ACCC: Publishers Are 'Free To Determine Their Own Pricing Policies'

In the wake of Apple reducing prices on the App Store according to exchange rates, we encouraged people to contact the ACCC with regards to increased Australian prices on online stores such as PSN and Xbox LIVE. The ACCC has started sending out replies and the message is consistent across the board: there's apparently very little the ACCC can do about it.

The replies have come in the form of stock letters which all state the same thing.

"The role of the ACCC is to ensure compliance with the Competition and Consumer Act 2010 (Cth) (the Act), which is designed to encourage fair trading and discourage anti-competitive conduct through a specific set of competition and consumer protection rules.

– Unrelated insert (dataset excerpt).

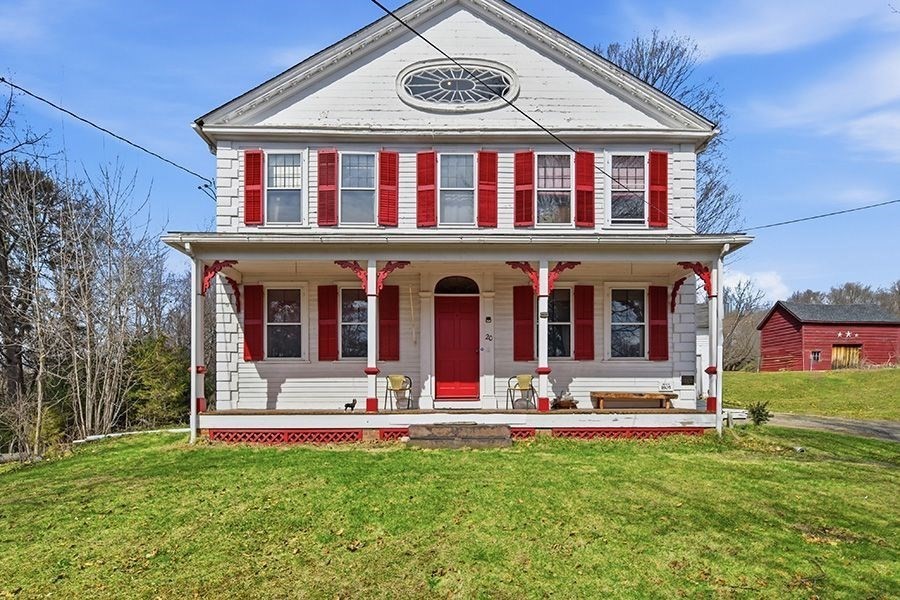 front view of a house with a yard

"I understand and sympathise with your concerns about the high prices that consumers pay for some products in the retail market compared to international prices. The ACCC is constrained by the legislation it administers and there are no provisions in the Act that prohibit this type of conduct. The ACCC has no power to set or control prices for goods and services at either the retail or wholesale levels. It does not have a direct role in regulating or setting prices except in the case of products or services that are declared under Part VIIA of the Act. The price of video games is not declared under Part VIIA. In these circumstances businesses are free to determine their own pricing policies and provided that they do this independently it is unlikely to raise concerns under the Act.

While the information you have provided is unlikely to raise concerns, I have made a record of your complaint in the ACCC’s national confidential database which is monitored to assist the ACCC in its enforcement activities.

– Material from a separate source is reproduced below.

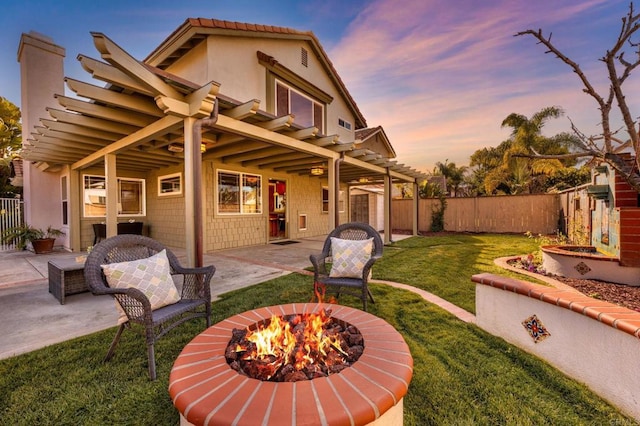 back house at dusk with a patio, a pergola, a yard, and an outdoor fire pit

The bolded section above is most likely referring to the fact that the Competition and Consumer Act states that price inquiries can only held on the following - defined as 'goods' in the act.

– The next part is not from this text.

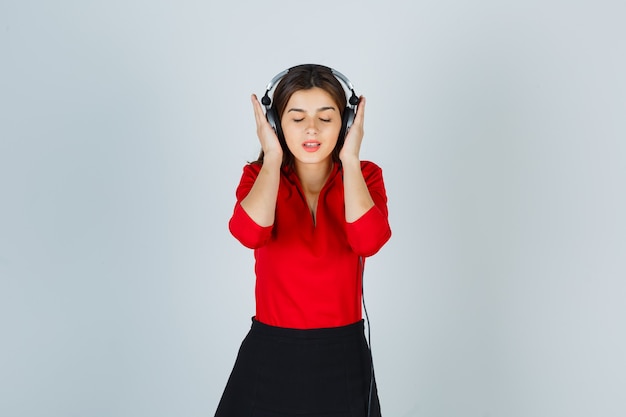 Jeune femme avec un casque d'écoute de la musique en chemisier rouge, jupe et à ravi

goods includes: (a) ships, aircraft and other vehicles; and (b) animals, including fish; and (c) minerals, trees and crops, whether on, under or attached to land or not; and (d) water; and (e) gas and electricity.

Obviously, video games are not in that list.

Still, as a consumer, you have the power to vote with your wallet. But at this stage, this appears to be the only avenue we have. We've contacted the ACCC and hope to hear more info soon.

Thanks to everyone who forwarded their replies.


Comments

    The frustrating part here I guess is that when the issue was raised with them in the first place, their response was "not enough people are complaining".

    So we complained and their response is "whoops, sorry, not our responsibility".

    Gah!

      Yeah I hear that.

      I followed it up though (received that exact same letter) and asked how to go about requesting they be added to the list. :)

      I hear you here.

      I wish they had just said "we have no power in the first place."

    "In these circumstances businesses are free to determine their own pricing policies and provided that they do this independently it is unlikely to raise concerns under the Act."

    Considering that we've been consistently told that online prices are raised to match retail prices (with publishers blaming retailers and retailers blaming publishers), I question the independence of the pricing decisions we see.

    This isn't exactly surprising, unfortunately.

    The best thing to do is just keep pushing the publishers, or take our money elsewhere until they get the picture.

    It's a fairly unbalanced situation, but consumers do ultimately have a lot of power to change prices.

    I accessed the US Playstation Store on my PS3 the other day, and I was shocked at the insane markup they have on some games. That being said, It's not nearly as bad as the 3DS is.

    then the Competition and Consumer Act needs updating - clearly inadequate if it is incapable of dealing with digital content.

    The original Act is from 1974 - http://en.wikipedia.org/wiki/Competition_and_Consumer_Act_2010 , and amended in 2010 (assumably based on recommendations from the 2003 Dawson Report).

    So, next step - start writing to the minister/s responsible for the Competition and Consumer Act and demand it be brought into the modern era.

    Steam for one is guilty of misrepresentation at the very least - advertising a product as $X, or as released on X date, only to change these later.

    The fact that complaints are made by Australian consumers about a range of online content providers - Steam, PSN, Xbox, iTunes, indicates that Australian consumers need protection and that there are restrictive trade practices at play.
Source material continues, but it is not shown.